A short review right on their web page showed these affordable jigheads come equipped with super-sharp Gamakatsu hooks, the specially shaped head helps them stand up on the bottom and dance with the slightest twitch of the rod. The convenient screw-lock bait keeper also allows you to rig a finesse worm (like the new squirrel tail worm) perfectly every time, and a horizontal line eye helps resists snags. They are available in multiple sizes, but the 1/8 ounce size allows you to deliver killer finesse presentations. The Gamakatsu hooks will deliver solid hooksets, most anglers know that.
Cast it out, doesn’t have to be far. Let it go to bottom, wait 5-10 seconds.

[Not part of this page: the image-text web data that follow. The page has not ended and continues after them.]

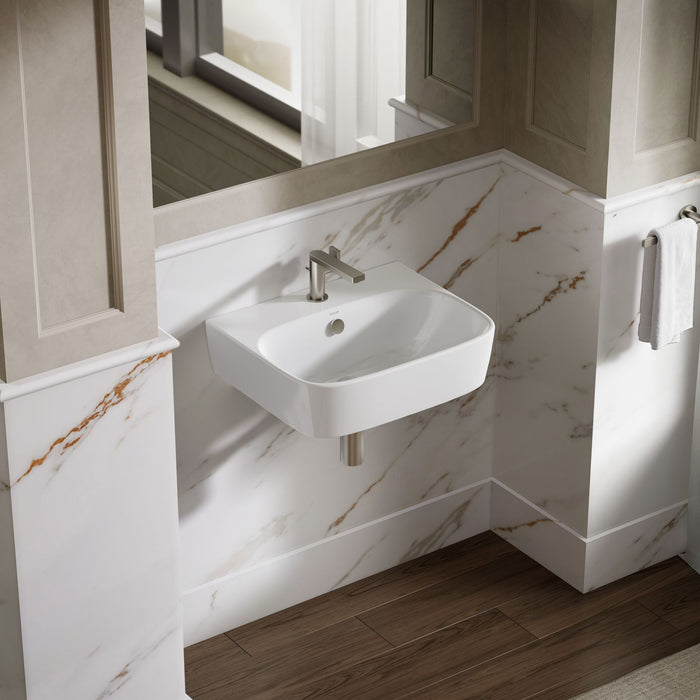 KOHLER K-77767-1 ModernLife 21-3/4" rectangular wall-mount bathroom sink
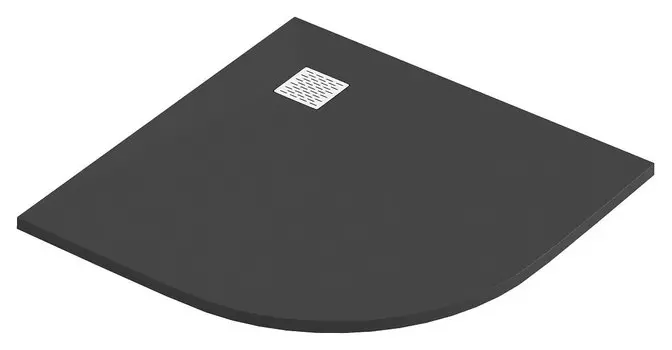 Душевой поддон из искусственного камня Good Door Essentia R 90x90 ЛП00181 черный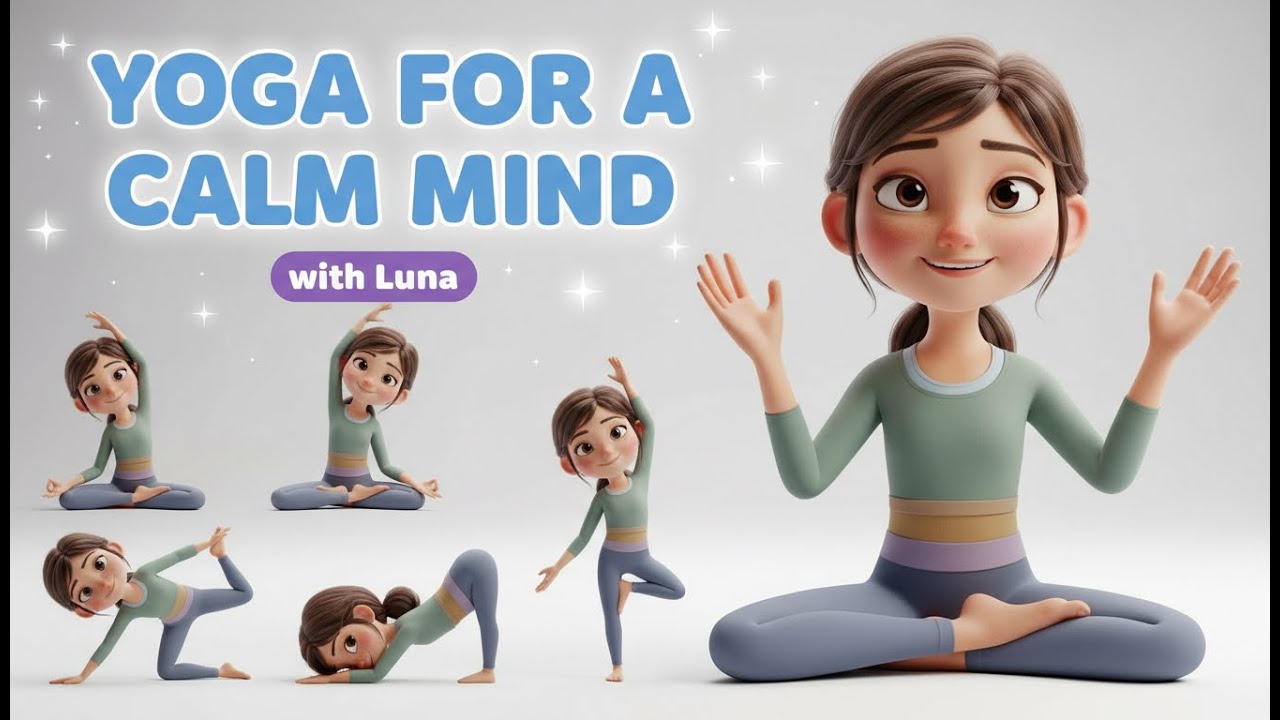 YOGA FOR CALM & RELAXATION  | A Happy Yoga Time | with Luna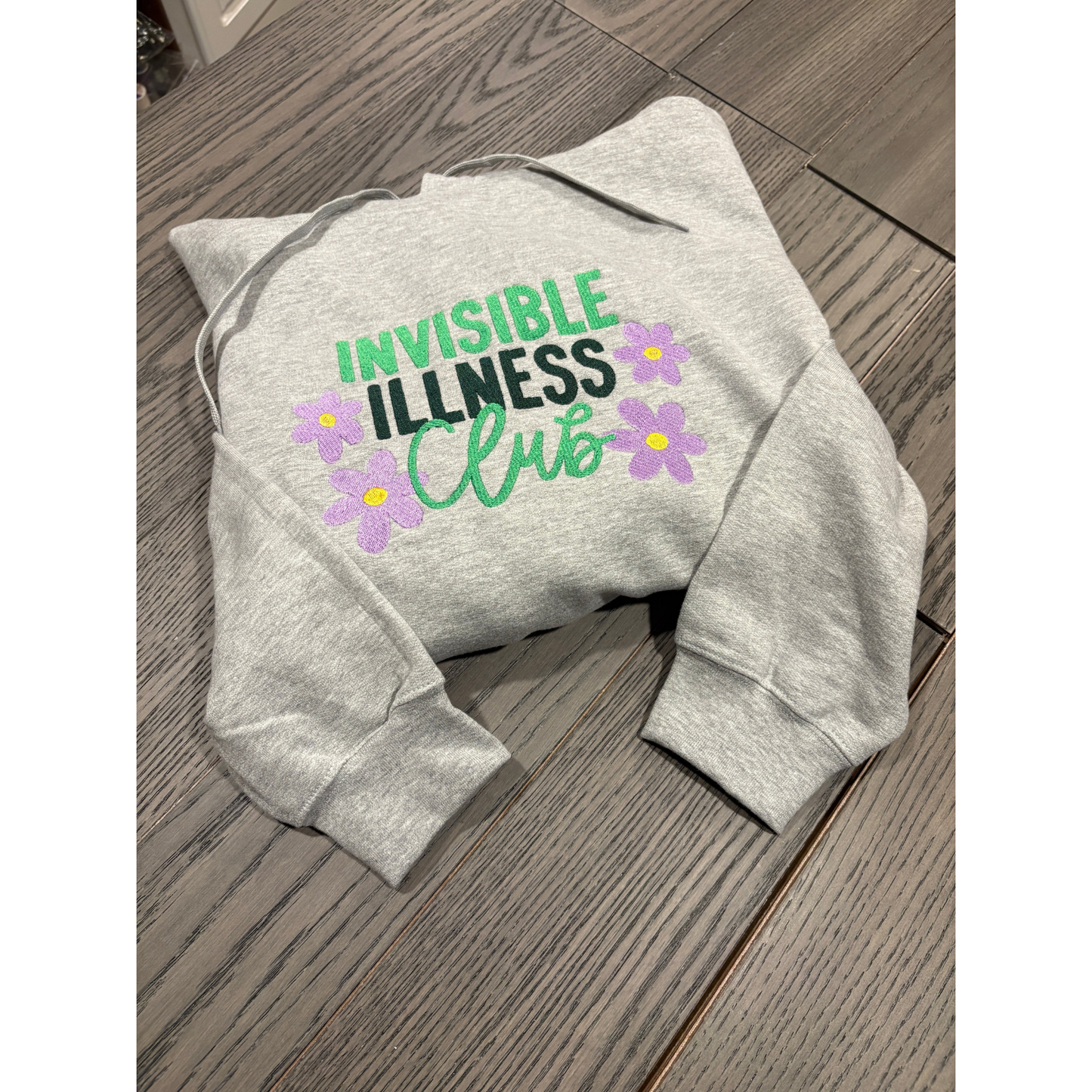 Invisible Illness Club- Gildan SF000 Crew/Gildan SF500 Hoodie– Embroidery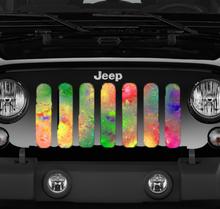 Abstract of Colors Grille Insert for Jeep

Lift up slightly on your rod tip and lightly jiggle it for 1-2 seconds or so. Wait, watch the line. Is it moving off? If so, set the hook, if nothing, not a problem, we’re fishing. Move the rod to achieve a tip-jiggle action and reel in about 2-3 feet as you jiggle. Right before you stop, hop the bait with a 1-2 foot rod tip swing. Let it settle to bottom and give it complete slack line. Watch the line. The tail is now floating vertically upward as result of your last movement. It’s quivering. Usually, by now, the line moves off if a fish is interested. WHAM! Set the hook. If not, continue until you reach your feet, sometimes they are right at your feet as you fish from shore or boat.
There you have it. Where to get started, where to get the affordable baits and hooks, how to rig it and now you need to do the rest. Get out there!